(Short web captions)
********************

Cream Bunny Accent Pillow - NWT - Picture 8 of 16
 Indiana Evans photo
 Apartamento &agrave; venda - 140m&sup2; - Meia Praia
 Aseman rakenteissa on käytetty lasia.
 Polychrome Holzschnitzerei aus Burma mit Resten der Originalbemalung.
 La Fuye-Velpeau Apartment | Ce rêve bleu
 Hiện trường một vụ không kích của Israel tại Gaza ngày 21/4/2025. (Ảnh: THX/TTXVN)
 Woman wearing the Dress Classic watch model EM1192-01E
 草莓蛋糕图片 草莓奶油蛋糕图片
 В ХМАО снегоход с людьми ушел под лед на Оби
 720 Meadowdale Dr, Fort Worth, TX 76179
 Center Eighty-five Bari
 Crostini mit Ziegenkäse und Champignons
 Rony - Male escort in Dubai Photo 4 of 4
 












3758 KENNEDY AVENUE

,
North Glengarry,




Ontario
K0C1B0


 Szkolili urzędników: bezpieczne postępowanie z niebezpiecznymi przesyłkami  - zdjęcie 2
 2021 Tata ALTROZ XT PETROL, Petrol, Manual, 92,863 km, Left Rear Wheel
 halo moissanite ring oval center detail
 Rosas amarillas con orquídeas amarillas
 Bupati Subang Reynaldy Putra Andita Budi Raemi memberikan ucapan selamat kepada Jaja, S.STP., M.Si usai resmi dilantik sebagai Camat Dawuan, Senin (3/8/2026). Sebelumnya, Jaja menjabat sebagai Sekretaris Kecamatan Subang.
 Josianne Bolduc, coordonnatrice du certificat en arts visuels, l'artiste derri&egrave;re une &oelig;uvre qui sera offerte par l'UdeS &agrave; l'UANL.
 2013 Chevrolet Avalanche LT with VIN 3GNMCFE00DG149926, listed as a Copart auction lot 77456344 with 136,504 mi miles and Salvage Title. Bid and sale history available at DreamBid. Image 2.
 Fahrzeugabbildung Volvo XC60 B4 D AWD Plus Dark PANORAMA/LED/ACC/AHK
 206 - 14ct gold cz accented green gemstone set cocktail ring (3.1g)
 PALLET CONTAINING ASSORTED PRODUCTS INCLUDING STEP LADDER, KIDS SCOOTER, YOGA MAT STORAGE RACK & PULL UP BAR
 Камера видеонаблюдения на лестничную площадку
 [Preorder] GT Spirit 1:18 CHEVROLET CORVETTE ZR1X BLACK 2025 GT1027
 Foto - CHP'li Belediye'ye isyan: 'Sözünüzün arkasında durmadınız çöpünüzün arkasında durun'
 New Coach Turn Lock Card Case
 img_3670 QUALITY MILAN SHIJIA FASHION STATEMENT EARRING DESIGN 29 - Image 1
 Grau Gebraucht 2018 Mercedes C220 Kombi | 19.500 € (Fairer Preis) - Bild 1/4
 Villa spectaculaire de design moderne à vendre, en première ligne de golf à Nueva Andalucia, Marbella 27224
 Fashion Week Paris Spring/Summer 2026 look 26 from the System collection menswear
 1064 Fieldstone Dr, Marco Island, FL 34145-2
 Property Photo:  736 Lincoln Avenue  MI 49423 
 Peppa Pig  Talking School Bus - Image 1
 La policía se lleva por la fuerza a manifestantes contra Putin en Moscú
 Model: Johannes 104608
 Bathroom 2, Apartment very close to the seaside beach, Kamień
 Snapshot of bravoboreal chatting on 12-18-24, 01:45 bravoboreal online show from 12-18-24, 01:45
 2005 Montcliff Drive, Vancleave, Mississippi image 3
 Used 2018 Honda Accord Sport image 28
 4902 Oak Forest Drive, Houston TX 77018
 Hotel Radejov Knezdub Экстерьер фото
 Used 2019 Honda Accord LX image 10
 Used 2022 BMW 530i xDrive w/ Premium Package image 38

********************

* _TASK INSTRUCTIONS_: Search the entries above for the string "from". Copy each line that holds it.

* _OUTPUT OF THE EXERCISE_:
 Fashion Week Paris Spring/Summer 2026 look 26 from the System collection menswear
 Snapshot of bravoboreal chatting on 12-18-24, 01:45 bravoboreal online show from 12-18-24, 01:45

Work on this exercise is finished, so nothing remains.